Listed records START

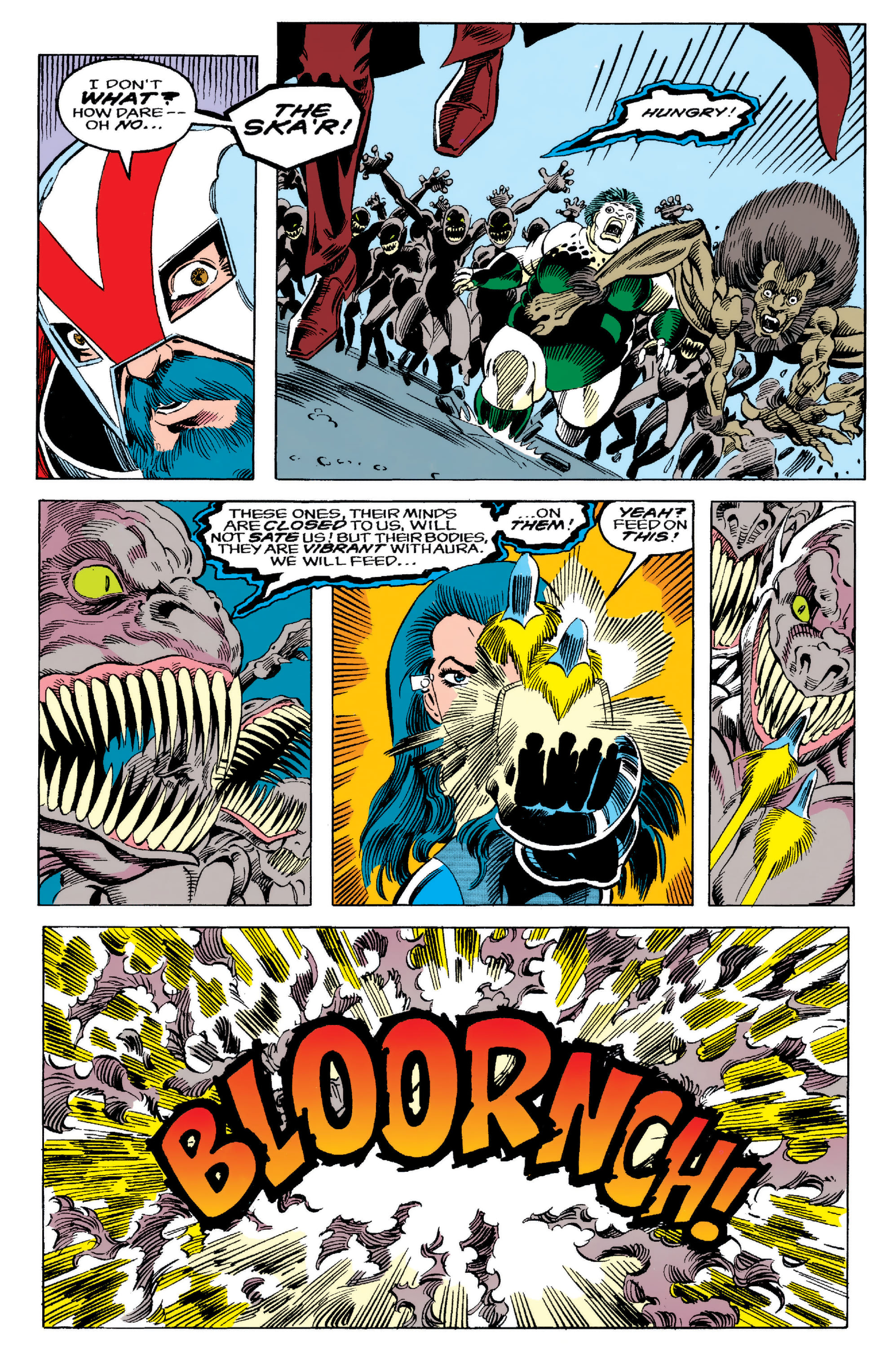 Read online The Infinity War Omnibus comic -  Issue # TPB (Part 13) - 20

Listed records END
Listed records START

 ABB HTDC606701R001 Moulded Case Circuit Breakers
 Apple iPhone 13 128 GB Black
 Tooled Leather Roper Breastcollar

Listed records END

Set down, exactly as they stand above, the lines starting with the line with "ABB HTDC606701R001 Moulded" and going on through the line with "Tooled Leather Roper Breastcollar", and no others.

 ABB HTDC606701R001 Moulded Case Circuit Breakers
 Apple iPhone 13 128 GB Black
 Tooled Leather Roper Breastcollar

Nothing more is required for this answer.